Magdalena Skipper dedica-se a uma agenda de desafios para manter a relevância da revista em meio a novas tendências editoriaisIan Alderman

Desde que assumiu o cargo de editora-chefe da revista científica Nature, em junho, a geneticista inglesa Magdalena Skipper se dedica a uma agenda de desafios que se impôs à publicação, uma das mais prestigiadas do mundo. Em uma das frentes, ela busca estratégias para ampliar a transparência na produção e divulgação de resultados de pesquisa, estimulando autores a disponibilizar não só os dados brutos de seus experimentos, mas também códigos e softwares usados para processar tais informações. Em paralelo, precisa lidar com a ascensão do acesso aberto como modelo de publicação científica. Em setembro, Reino Unido, França, Itália e outros 10 países europeus lançaram o chamado Plan S, segundo o qual todas as pesquisas científicas com financiamento público precisarão ser publicadas em acesso aberto a partir de janeiro de 2020. A Natureadota um modelo híbrido, incompatível com a proposta europeia, no qual cobra assinaturas, ao mesmo tempo que permite que autores paguem para oferecer seus artigos livremente na internet.

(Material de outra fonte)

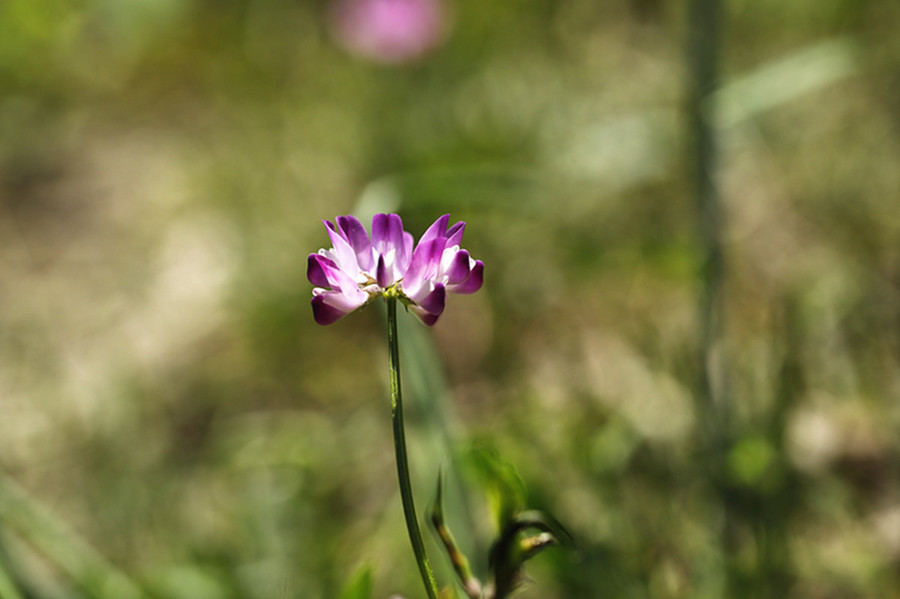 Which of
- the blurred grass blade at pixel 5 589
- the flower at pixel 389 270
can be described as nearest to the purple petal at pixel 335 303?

Doutora em genética pela Universidade de Cambridge, no Reino Unido, Skipper tornou-se aos 49 anos de idade a primeira mulher a assumir o comando da Nature, substituindo o astrofísico britânico Philip Campbell. Em entrevista à Pesquisa FAPESP, concedida em Berlim, Skipper falou sobre seu esforço para manter a relevância do periódico em meio a mudanças e novas tendências editoriais. Ela esteve na capital alemã entre os dias 7 e 9 de novembro como uma das juradas do Falling Walls Lab, torneio internacional em que os participantes têm três minutos para expor sua pesquisa, projeto, plano de negócio ou iniciativa social e convencer os jurados de sua relevância e inovação.

A senhora é a primeira mulher a comandar a Nature. Qual a importância desse pioneirismo e como está sendo a experiência?
É uma pergunta difícil de responder. Consigo falar sobre o que é ser uma mulher ocupando esse cargo, mas não tenho outros parâmetros para comparar. Dentro do grupo Springer Nature, mulheres ocupam cargos editoriais importantes, de modo que o foco não deveria estar no fato de eu ser uma mulher, mas nas contribuições que trago. Isso está relacionado ao meu histórico de pesquisa e editorial e à minha experiência profissional. É claro que minha nomeação é importante do ponto de vista da diversidade e da inclusão feminina, para que tenhamos cada vez mais mulheres em posições de destaque dentro e fora do ambiente acadêmico. Felizmente, as mulheres estão deixando de ser minoria em postos de liderança. Mas há outros aspectos em que ainda precisamos continuar trabalhando.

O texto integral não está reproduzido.